Of the 1,335 public companies identified by the Securities and Exchange Commissions (SEC) in its Accounting and Auditing Enforcement Release (AAER), one thousand seventeen (1,017) were directly linked to fraud cases and 347 were subjected to analysis in the COSO report.
It was disclosed that 21% of the Chief Executive Officers (CEOs) involved in the accounting irregularities proven as financial statement frauds were indicted, and that 64% of those indicted were convicted. On the other hand, only 17% of the Chief Financial Officers (CFOs) were indicted, of which 75% were actually convicted.
In our compilation of overviews about the ten major accounting scandals, in a separate article bearing the same title, most CFOs eventually turned state witness and were incarcerated for lesser terms than their CEOs.

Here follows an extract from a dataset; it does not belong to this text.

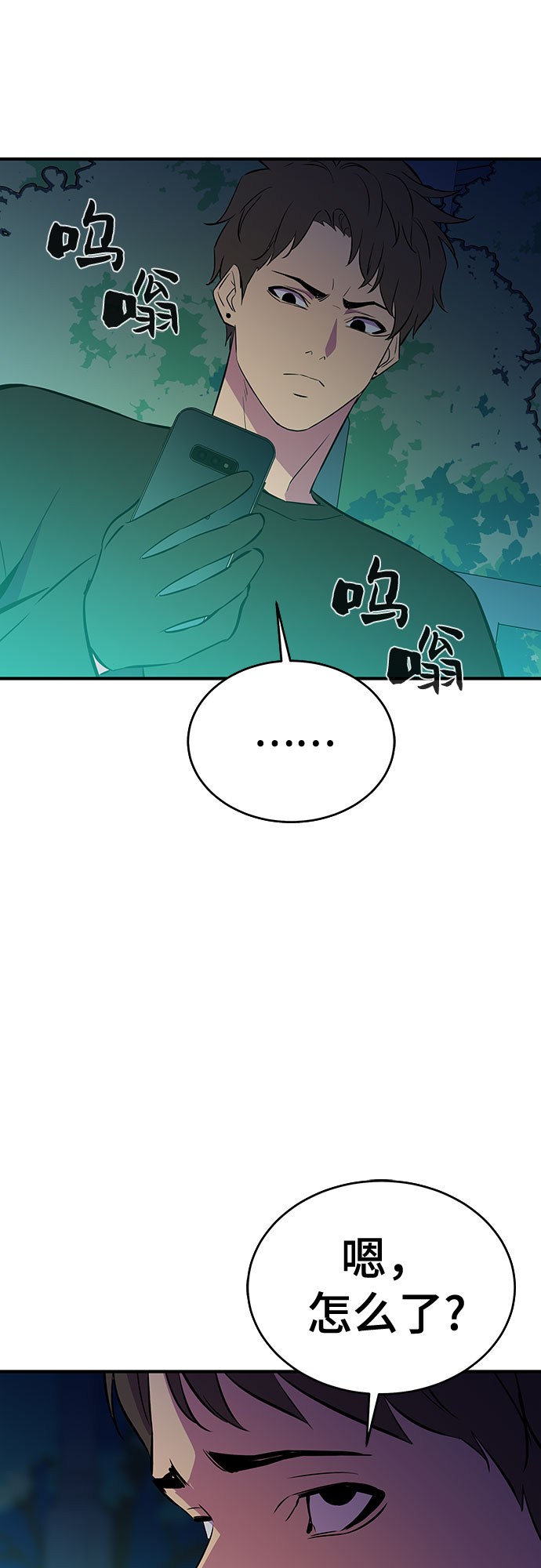 第38话47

The rationale behind this is that the CEO benefit the most from fraudulent financial reporting. As those at the highest level among the senior executives, they stand to gain substantially by way of profit shares and bonuses in accordance with their compensation arrangements. Hence, their interests are directly linked to financial statement measurements in terms of revenue generation, which clearly define their motives in collaborating with their CFOs to commit accounting irregularities. Another article, " A Detailed Look at the Enron Accounting Scandal," reveals how the company's CEO, Kenneth Lay, gained from all the accounting manipulations.
The investors and employees are at the losing end. However, regulating bodies deem that the latter are in better positions to prevent substantial economic losses by blowing the whistle on their company bosses.